Our heads darted around instantly to see who had said this rather random sentence – all we were met with were more blank stares and very toothy grins…they barely blinked…it was unsettling to say the least…so we decided to get back to the swing, and to simply ignore that strange outburst –
“CHEEEZ ND UN-EEEE-UN!”
Huh? Again with that…we were not really sure how a person should respond to this kind of thing…is it an insult? Is it a question? Is it just a strange statement…I mean, how do you answer this? We stared back at them, which forced some; “HUHHH-HUHHH-HUHHH!” guffaw sounds out of them – they clearly thought it was hilarious, I mean…I wanted to get the joke, but I just didn’t understand it at all!
“Sorry, you want some cheese and onion?”
“NOE – YOU ARE CHEEZ AND UN-EEE-UN!”
“YOU ARE CHEEZ AND UN-EEE-UN!”
“Yeah…I don’t…I don’t get what you mean by that, at all.”
“YOU GUYZ ARE CHEE-“
“Yeah, whatever. Let’s get out of here.”
We mutually decided it was best to just leave, for fear that they may skin us alive and use our remains as lampshades, or whatever the people do for recreation around here…I mean, these morons were probably exactly what the fairy tales were attempting to warn us about…it’d be silly if we didn’t listen to the age-old advice…better safe than sorry and all that.
As soon as we had slipped away out of sight, we were met with another strange character…
“Well hi there, were are you off to then?”
He was pretty animated for a total stranger (early warning sign!), and we weren’t used to this kind of thing, but whether we liked it or not, this odd little English boy was forcing himself into our private space and attempting to squeeze friendly inane chat from us…
“QUESTION! Duzz…Harry…Potter…LIVE in a CAAAAA-SUL?”
This was a riddle intended to out-fox us, but as die-hard fans it didn’t quite turn out the way he had planned…so to make himself feel better he provided us with riddle after riddle…like some sort of freakish Gollum character…until we made our excuses and left…he promised he’d have more riddles for us tomorrow, OH JOY!
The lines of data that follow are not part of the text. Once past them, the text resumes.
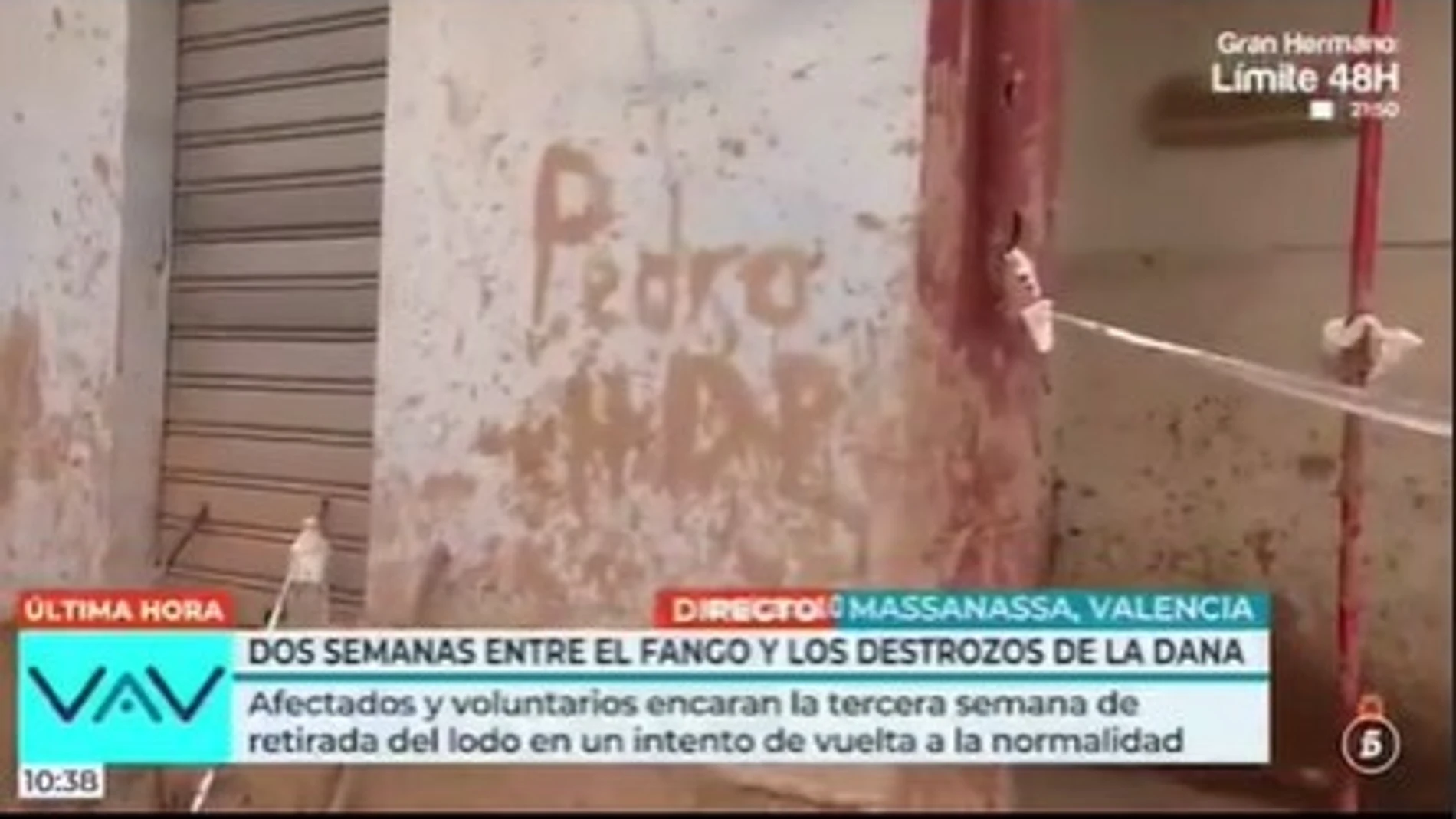 Una reportera de Telecinco comete un fallo garrafal en directo: "Descanse en paz Pedro Sánchez"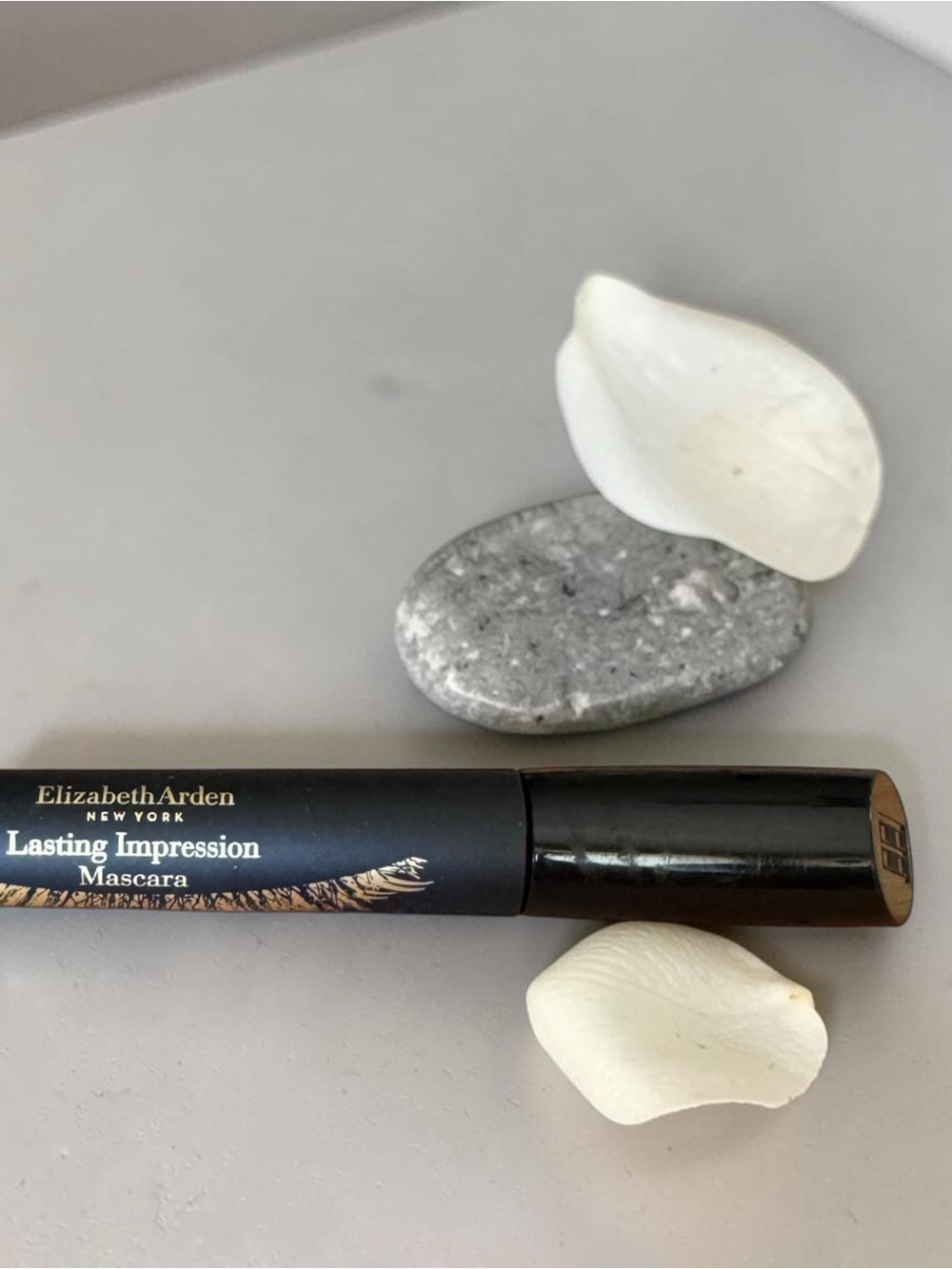 Elizabeth Arden Lasting Impression Mascara in Black FULL SIZE/NO BOX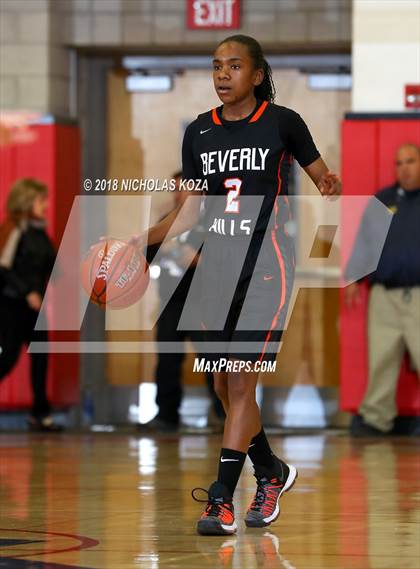 Thumbnail 2 in Beverly Hills vs Flintridge Prep (CIF SS Division 3A Finals) photogallery.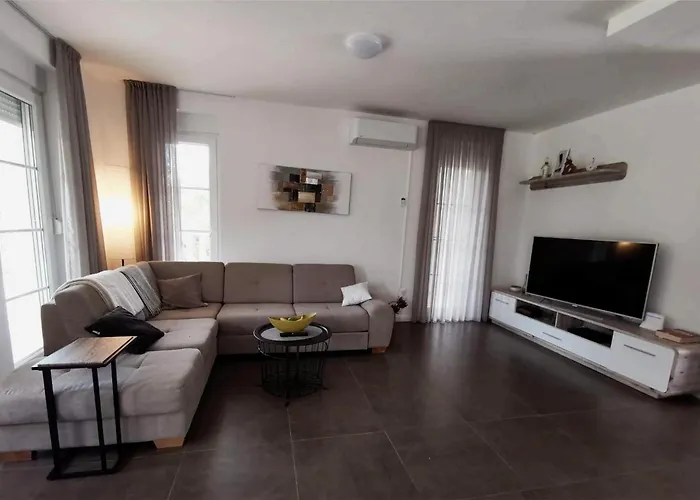 Дом отдыха House With A Swimming Pool Poljica, Zadar - 24133 Врси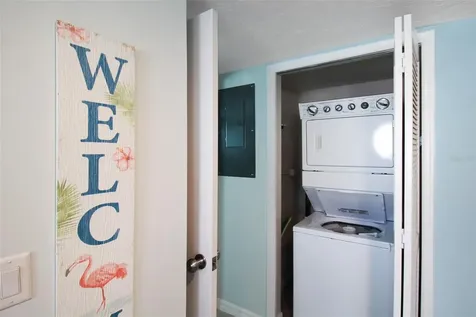 1206 Siesta Bayside Drive Sarasota FL 34242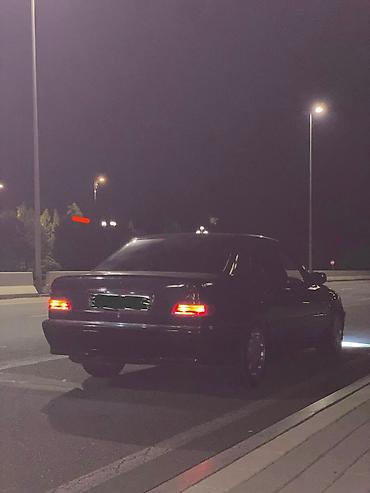 mercedes 208 d: Mercedes-Benz 240: 2.4 l | 1998 il Sedan — 9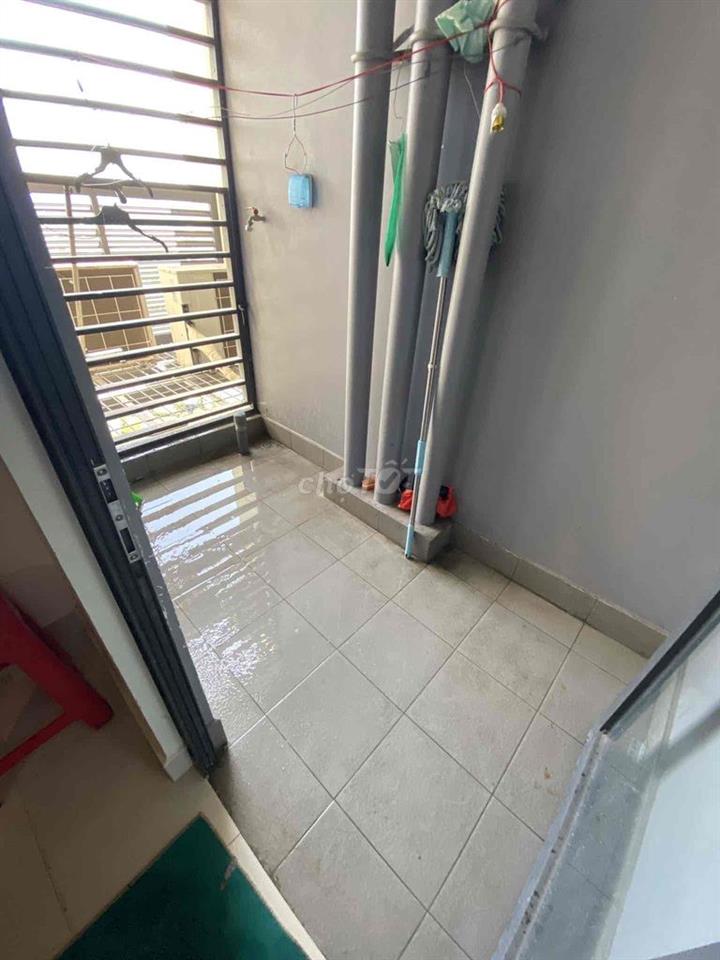 Cần bán chung cư 2pn1wc 59m2
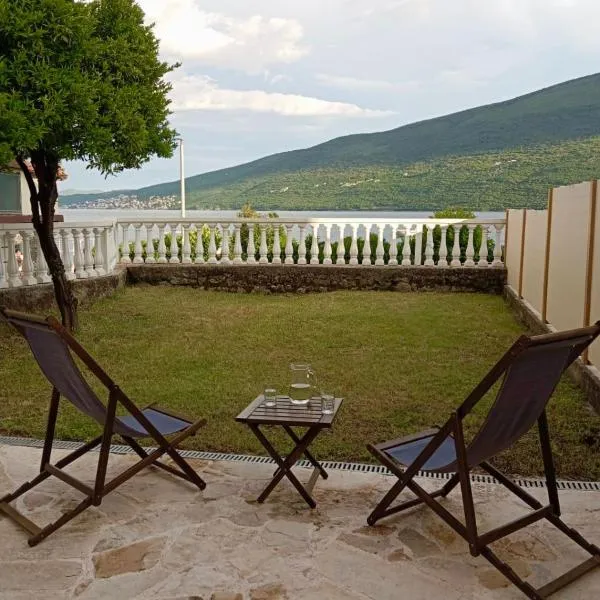 Dream House on seashore Djenovici，位于代诺维奇的酒店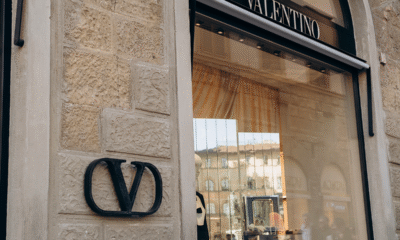 Kering rinvia al 2029 l'acquisto del 100% di Valentino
We spent the rest of our stay there in the pool, pretending to be Pokemon characters (water type only of course!), and fighting amongst ourselves for those coveted gym badges. Moral of the story, if there is one, is that everyone is weird in their own way; but at least your close family members are weird in a way you can truly understand and appreciate.
I know I’m lucky to have those four Squirtles, and I’m looking forward to visiting home next month to reunite with them!